Resembling the rapid learning capability of human, low-shot learning empowers vision systems to understand new concepts by training with few samples. Leading approaches derived from meta-learning on images with a single visual object. Obfuscated by a complex background and multiple objects in one image, they are hard to promote the research of low-shot object detection/segmentation. In this work, we present a flexible and general methodology to achieve these tasks. Our work extends Faster /Mask R-CNN by proposing meta-learning over RoI (Region-of-Interest) features instead of a full image feature. This simple spirit disentangles multi-object information merged with the background, without bells and whistles, enabling Faster /Mask R-CNN turn into a meta-learner to achieve the tasks.

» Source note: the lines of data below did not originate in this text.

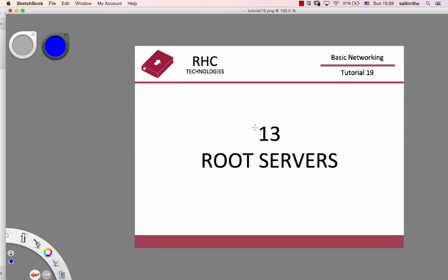Welcome back everybody, basic networking tutorial 19. In a previous tutorial we covered DNS name — we need to get a DNS name, but...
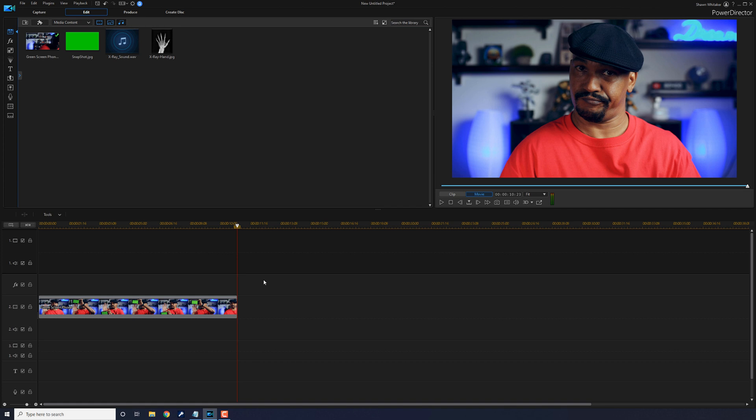And then you want to shoot your footage acting like you're using your phone to X-ray something. Whatever it is that you're X-raying, I X-rayed my hand and here's what that footage looks like.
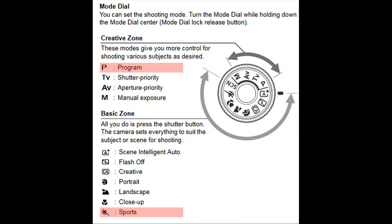DSLRs and most point-and-shoot cameras provide several alternatives to auto, one of which is program exposure mode. In program, the photographer chooses from several alternative icons representing the type of photograph to be made.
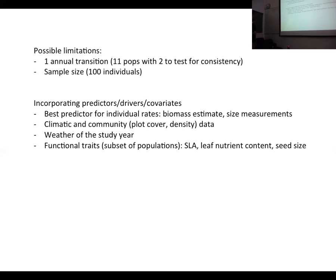Regarding the incorporation of predictors into the models: first we need to find the best predictor for each individual vital rate — survival, growth, and reproduction. I was planning to test this using estimates of biomass, but we can also use any size measurements taken in the field, like number of leaves or length of the longest leaf.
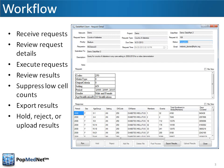Datamart Administrators may review the details of the request before execution. These details include the type and name of the request, the name and email of the requester, a description, the request parameters, and other information.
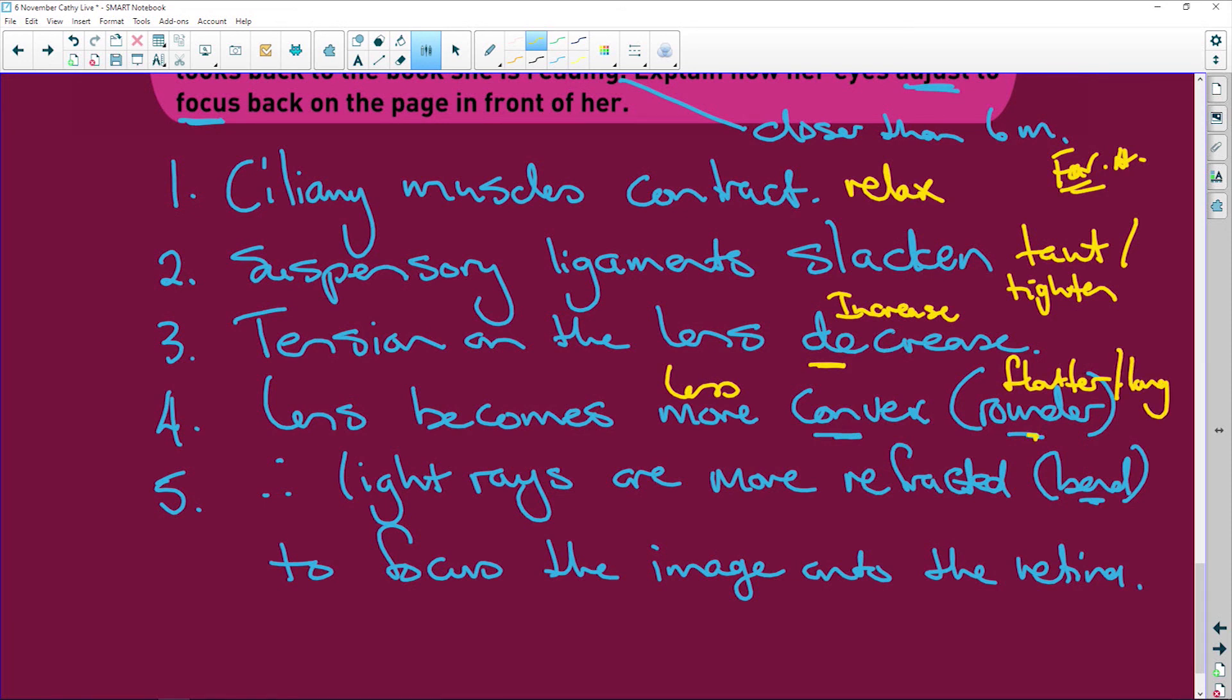Therefore, the light rays are less refracted. So less bent to focus the image onto the retina. And there you go, people. You have learned the one. The other is exactly the opposite. Just remember, a long lens is to look far. A round little lens means you look near. Here we go. Bye.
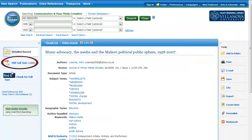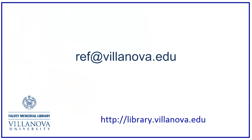The page that opens may look different depending on the full text provider. Look for a link to the PDF. You have reached the full text.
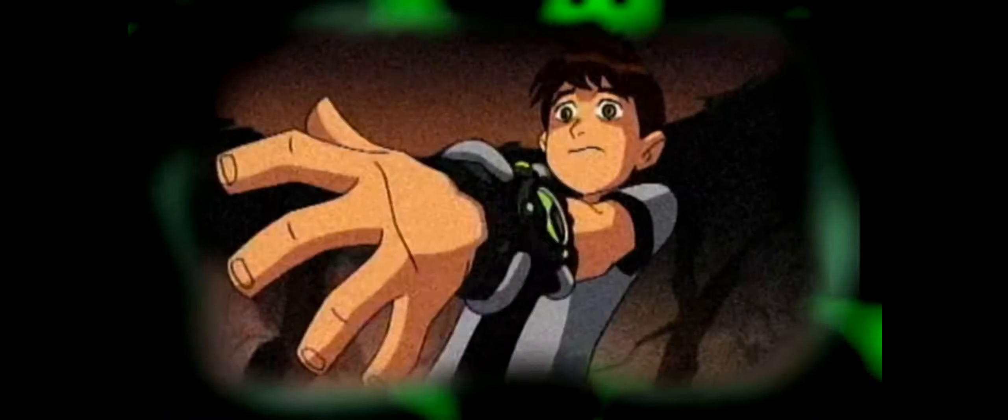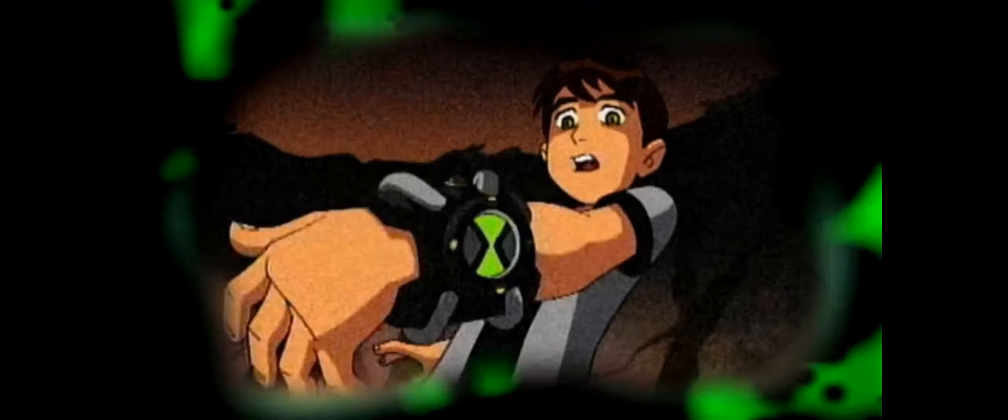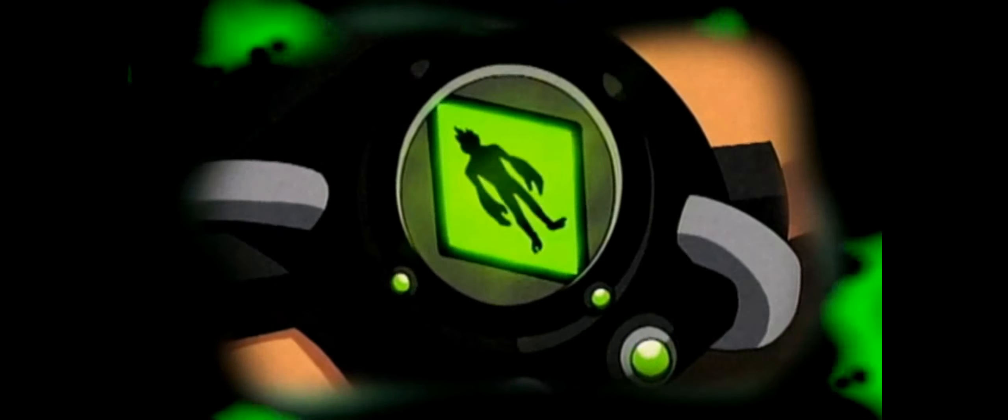It started when an alien device did what it did and stuck itself upon his wrist with secrets that it hid. Now he's got superpowers, he's no ordinary kid, he's Ben Ten.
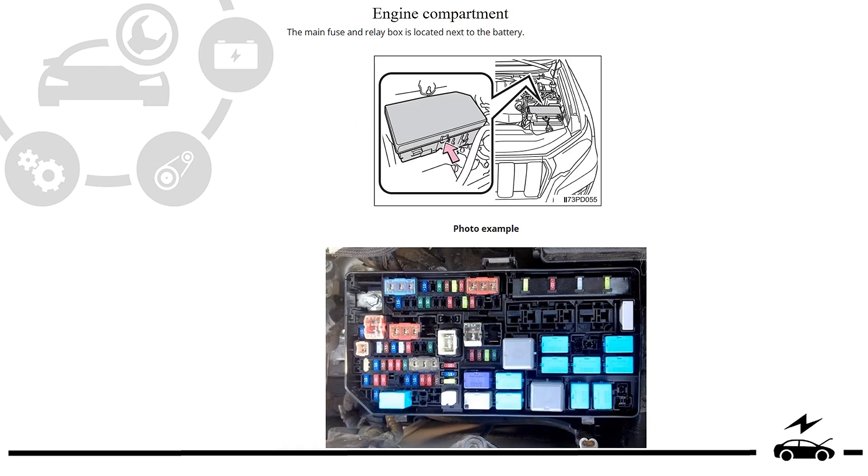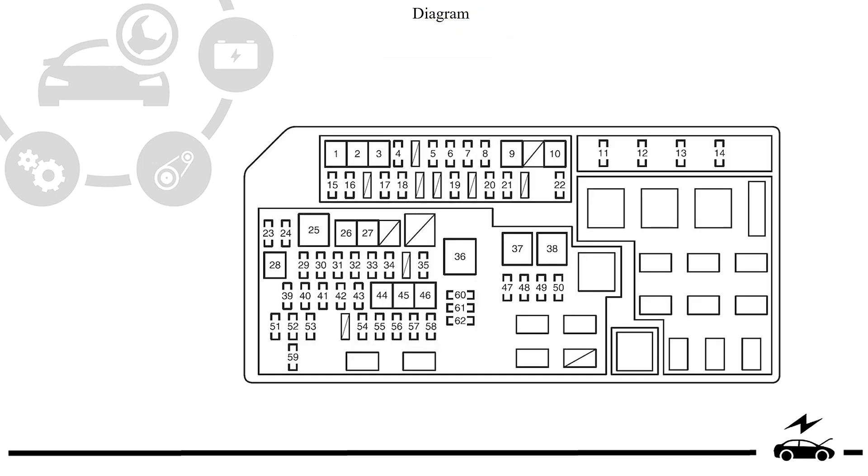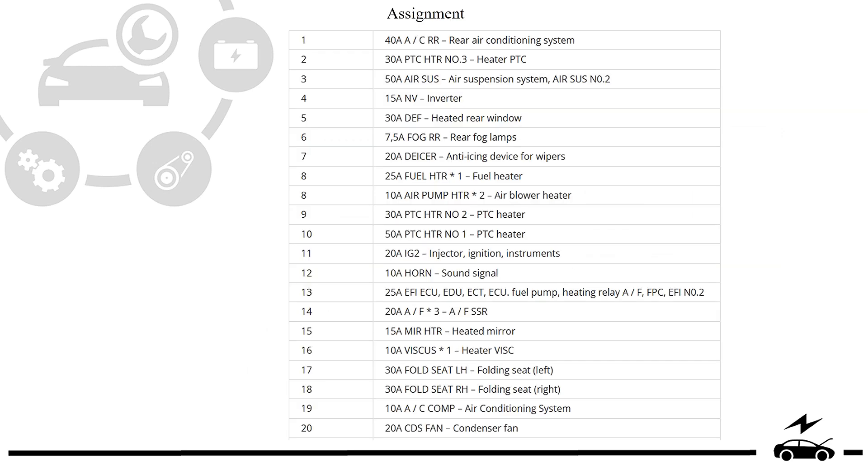Engine compartment fuse box: location, photo, diagram, assignment.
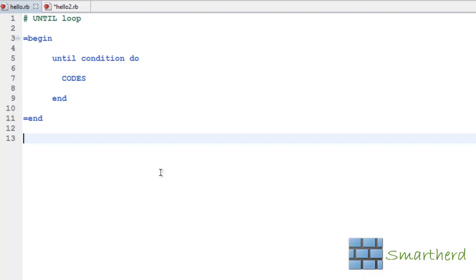What is going on guys? This is again Shreks from SmartHerd. Welcome to Ruby tutorial number 19. In this tutorial I will show you the until loop.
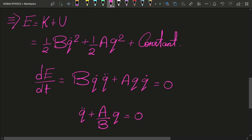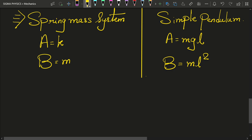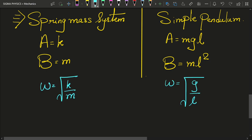That simply means omega squared equals a upon b. From the potential energy and kinetic energy terms written above, we can see that the values of a and b for the spring-mass system and the simple pendulum give us their respective angular frequency expressions. This is an interesting trick: if you know the kinetic energy and potential energy of a simple harmonic oscillator, you can easily find its angular frequency and hence its time period.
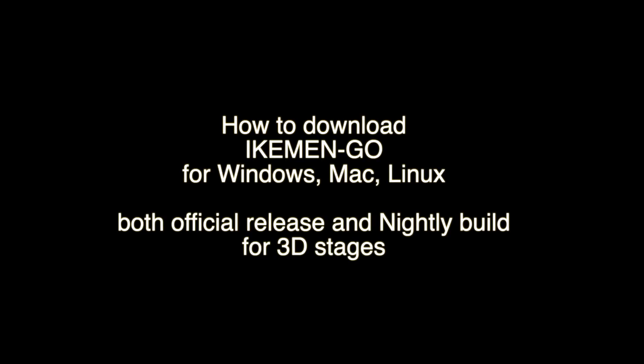How to download iCumen Go for Mac, Windows, and Linux. This tutorial will cover the official release and the developer release, also called the nightly build.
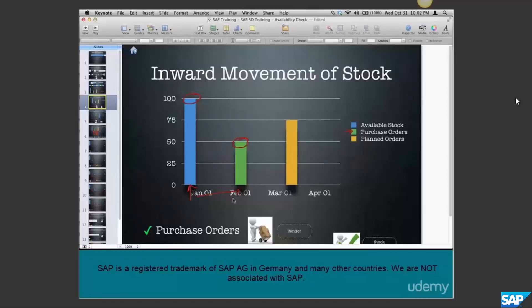However, the vendor might not turn up - it's expected inward movement, not confirmed, meaning there's no guarantee. The yellow bar is called a planned order. A planned order typically results in an order to produce goods, as opposed to procure them - so it represents how much stock we're going to produce.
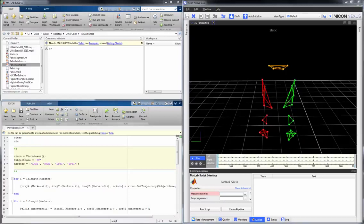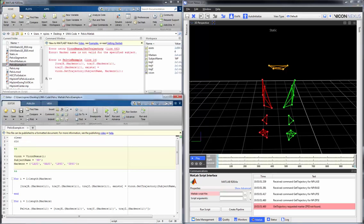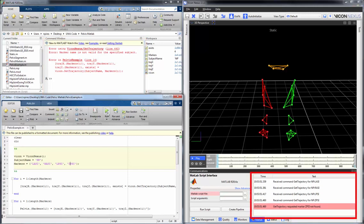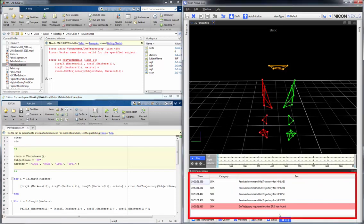Another great feature of the Nexus 2 MATLAB interface is the ability to debug. In this case, I intentionally mislabeled a marker in my script. No matter how you execute the script — through MATLAB or Nexus — you will get the error messages through both MATLAB and the Nexus MATLAB log and the general communications log. We can see here that the marker name was misspelled, which is the error.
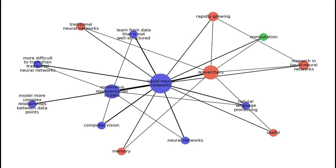Liquid neural networks are a new type of neural network that is still under development. They are different from traditional neural networks in that they use a continuous representation of data rather than a discrete one. This allows them to model more complex relationships between data points and to learn from data that is not well-structured. One of the key advantages of liquid neural networks is that they are able to learn from data that is not well-structured, making them well-suited for tasks such as natural language processing and computer vision, where the data is often noisy and incomplete.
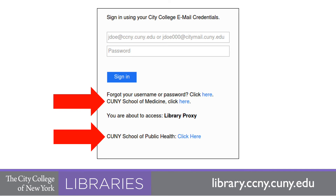If you're a School of Medicine or School of Public Health student or faculty, there are separate logins. Both are linked for you here.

Specifically, we introduce a Predictor-head Remodeling Network (PRN) that shares its main backbone with Faster /Mask R-CNN. PRN receives images containing low-shot objects with their bounding boxes or masks to infer their class attentive vectors. The vectors take channel-wise soft-attention on RoI features, remodeling those R-CNN predictor heads to detect or segment the objects that are consistent with the classes these vectors represent. In our experiments, Meta R-CNN yields the state of the art in low-shot object detection and improves low-shot object segmentation by Mask R-CNN.